Data extract>
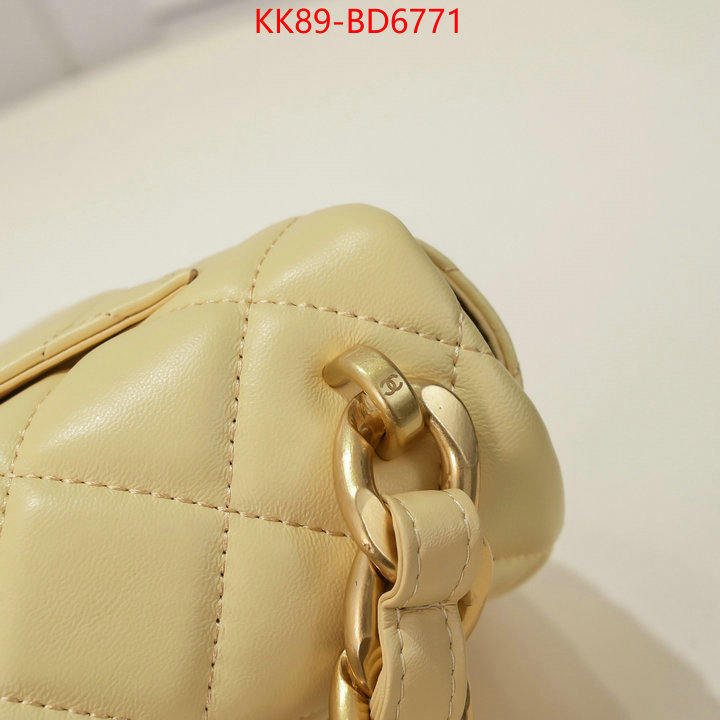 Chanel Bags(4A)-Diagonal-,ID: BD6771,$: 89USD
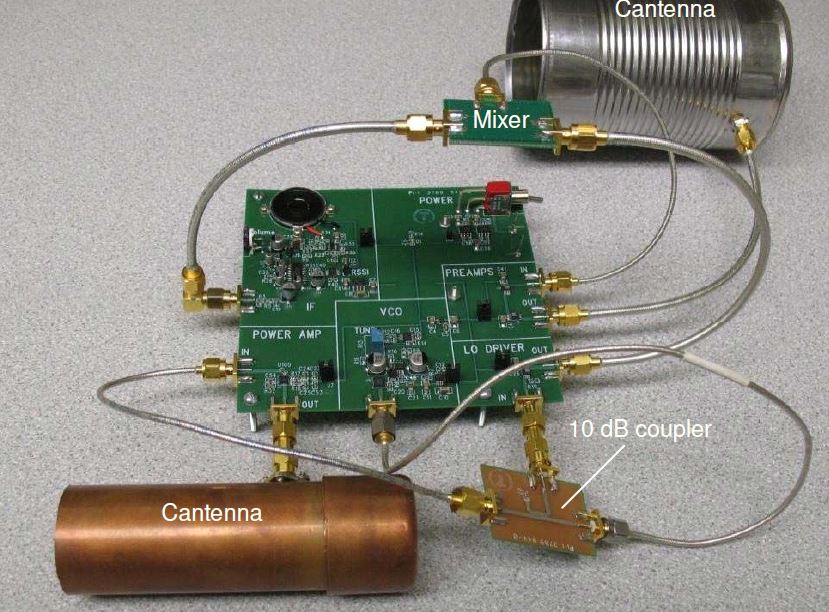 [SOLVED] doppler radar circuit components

==

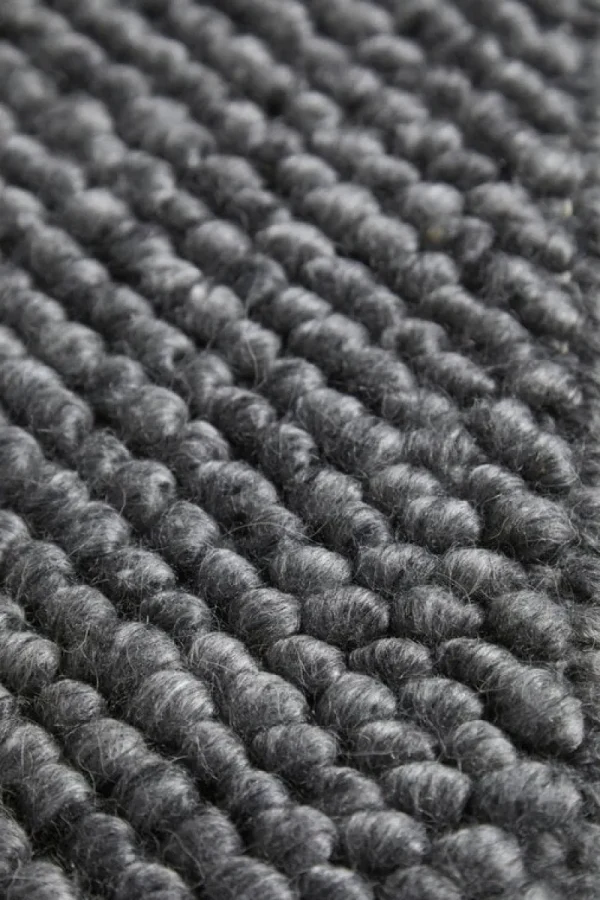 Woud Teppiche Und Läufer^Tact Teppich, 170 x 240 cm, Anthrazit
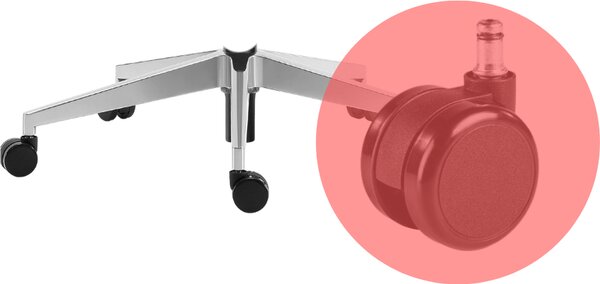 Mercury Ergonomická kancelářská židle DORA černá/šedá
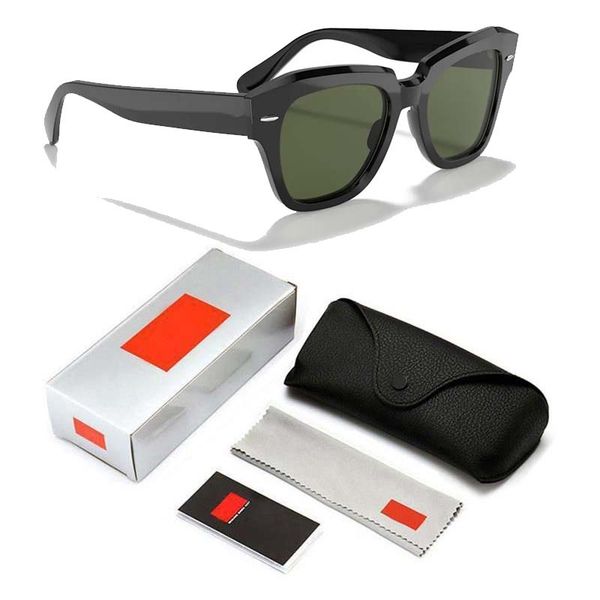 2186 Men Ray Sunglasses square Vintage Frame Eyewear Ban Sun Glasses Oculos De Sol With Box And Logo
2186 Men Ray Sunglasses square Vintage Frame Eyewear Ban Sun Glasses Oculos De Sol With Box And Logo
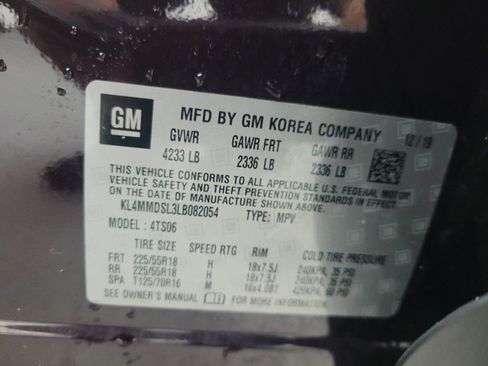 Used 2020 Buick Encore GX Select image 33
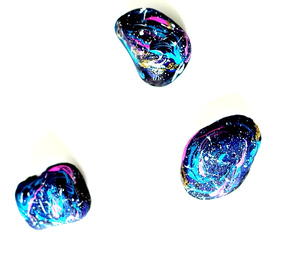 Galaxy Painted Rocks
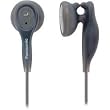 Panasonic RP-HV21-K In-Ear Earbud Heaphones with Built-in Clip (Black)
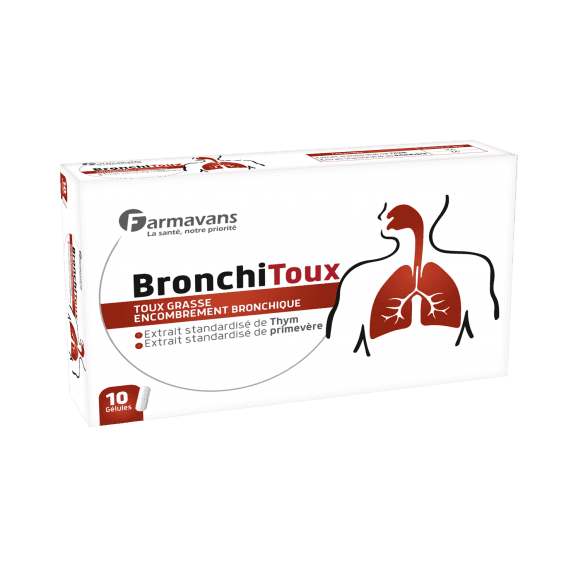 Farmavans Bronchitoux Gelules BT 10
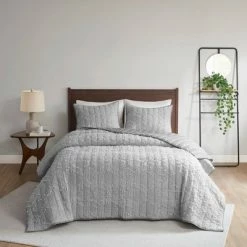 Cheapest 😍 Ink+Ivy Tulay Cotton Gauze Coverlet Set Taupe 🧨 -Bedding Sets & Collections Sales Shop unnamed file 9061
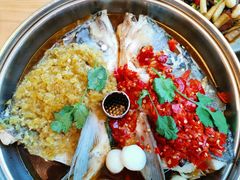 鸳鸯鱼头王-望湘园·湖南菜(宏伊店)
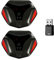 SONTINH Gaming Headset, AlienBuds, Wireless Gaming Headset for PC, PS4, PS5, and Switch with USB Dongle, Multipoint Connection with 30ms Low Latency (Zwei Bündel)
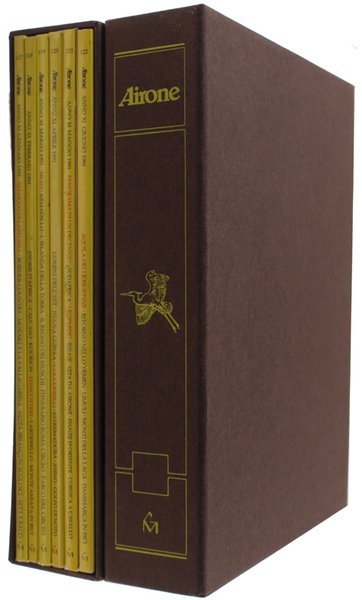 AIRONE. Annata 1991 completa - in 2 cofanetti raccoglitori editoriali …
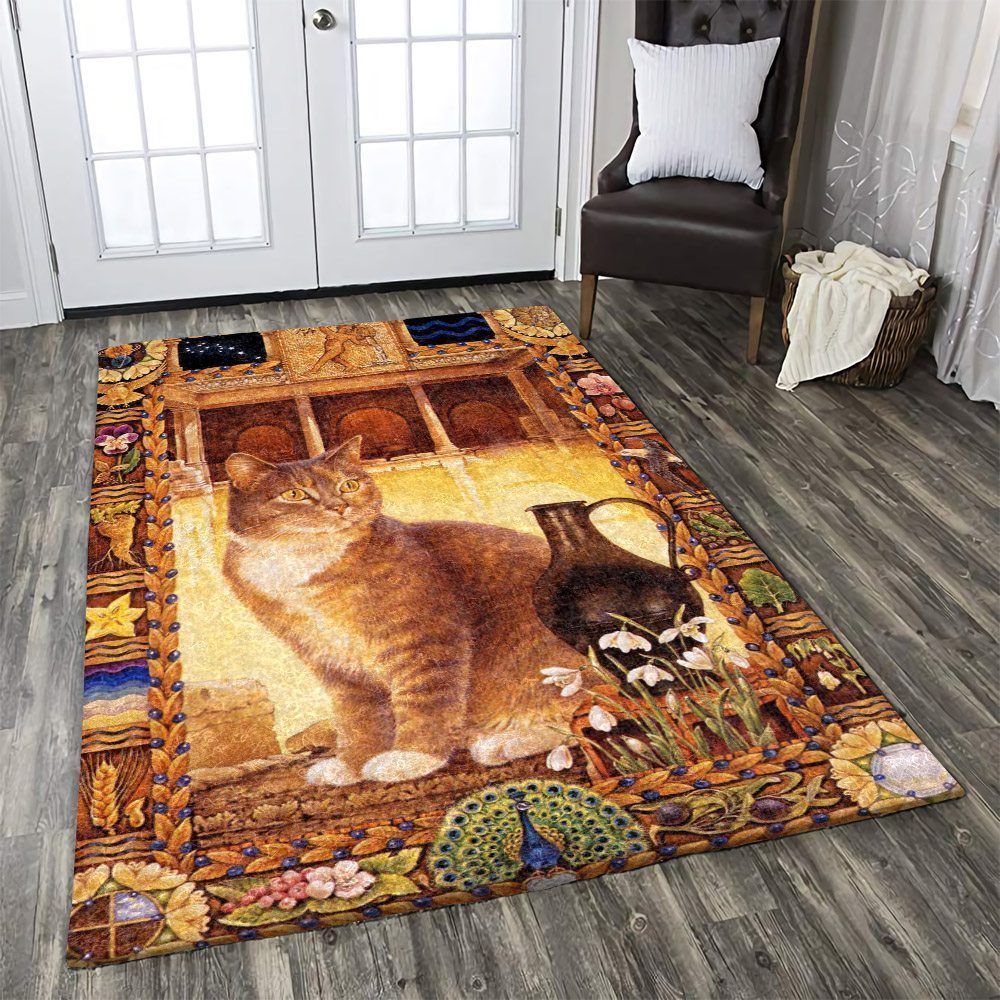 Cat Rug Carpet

* * *

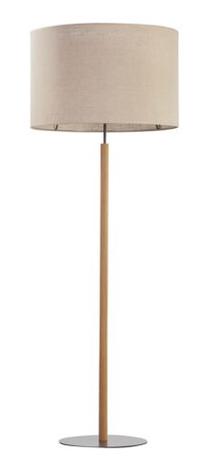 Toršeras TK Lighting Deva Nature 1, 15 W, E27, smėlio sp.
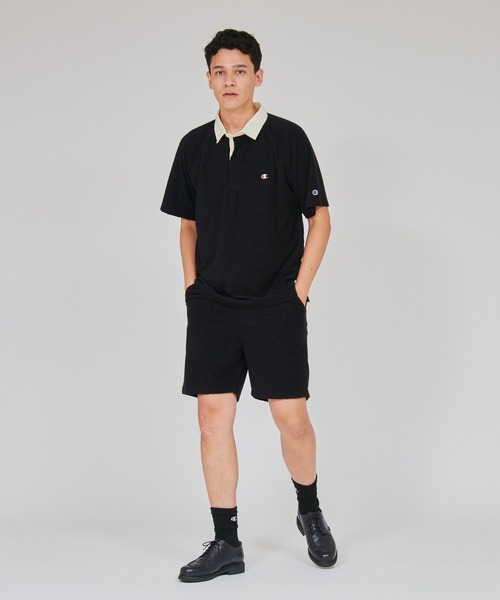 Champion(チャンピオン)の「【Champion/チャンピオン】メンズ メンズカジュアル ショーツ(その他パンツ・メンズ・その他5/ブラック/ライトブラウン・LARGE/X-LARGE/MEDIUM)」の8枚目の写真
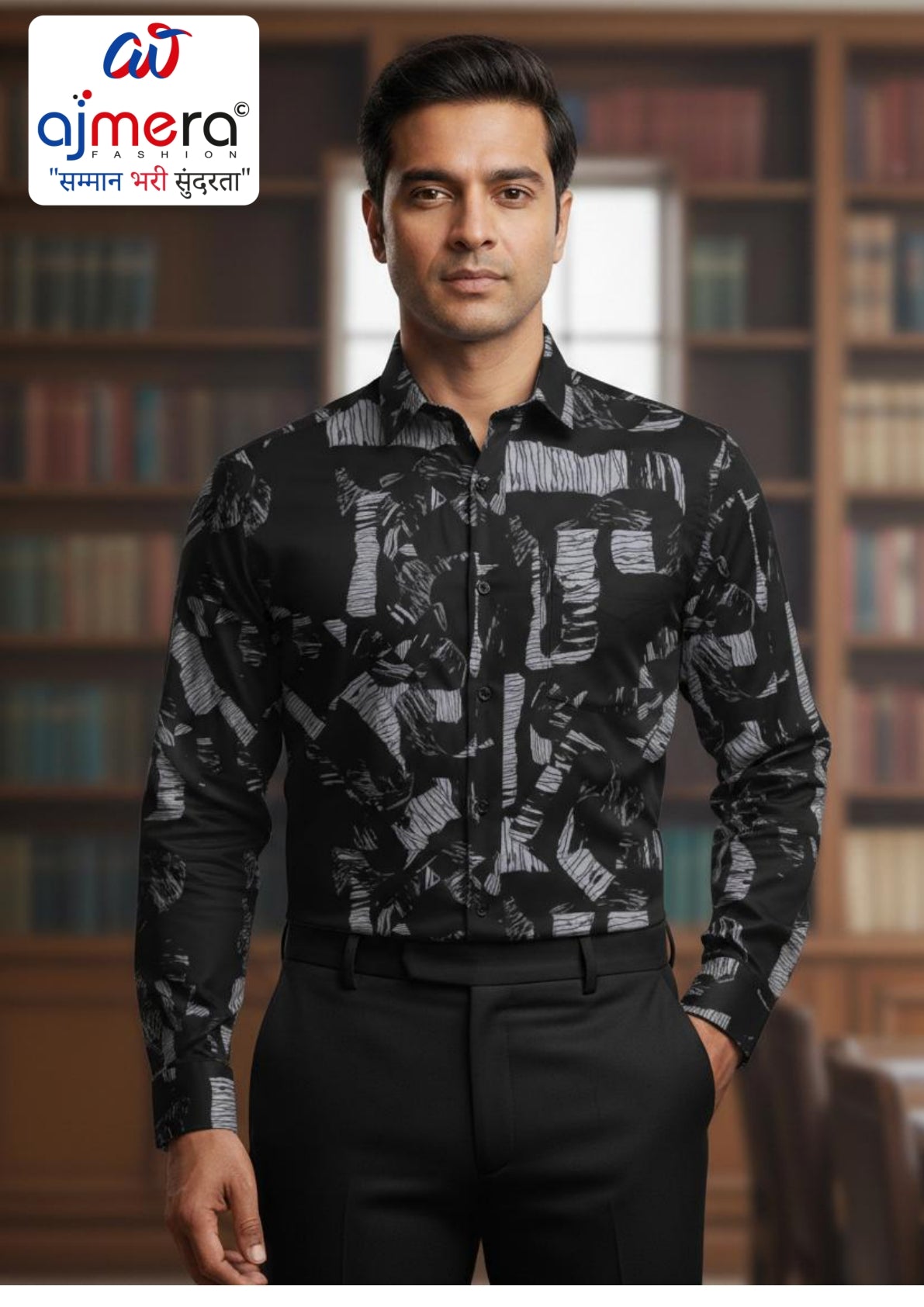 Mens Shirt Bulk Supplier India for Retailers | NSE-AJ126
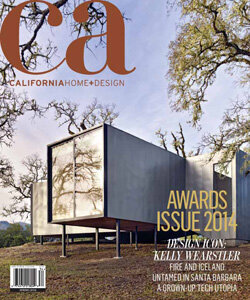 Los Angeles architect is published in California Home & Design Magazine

Description of the task> Leaving out each picture, repeat exactly the lines above from the one that contains "鸳鸯鱼头王-望湘园·湖南菜(宏伊店)" through the one that contains "Cat Rug Carpet".

Finished task>
 鸳鸯鱼头王-望湘园·湖南菜(宏伊店)
 SONTINH Gaming Headset, AlienBuds, Wireless Gaming Headset for PC, PS4, PS5, and Switch with USB Dongle, Multipoint Connection with 30ms Low Latency (Zwei Bündel)
 AIRONE. Annata 1991 completa - in 2 cofanetti raccoglitori editoriali …
 Cat Rug Carpet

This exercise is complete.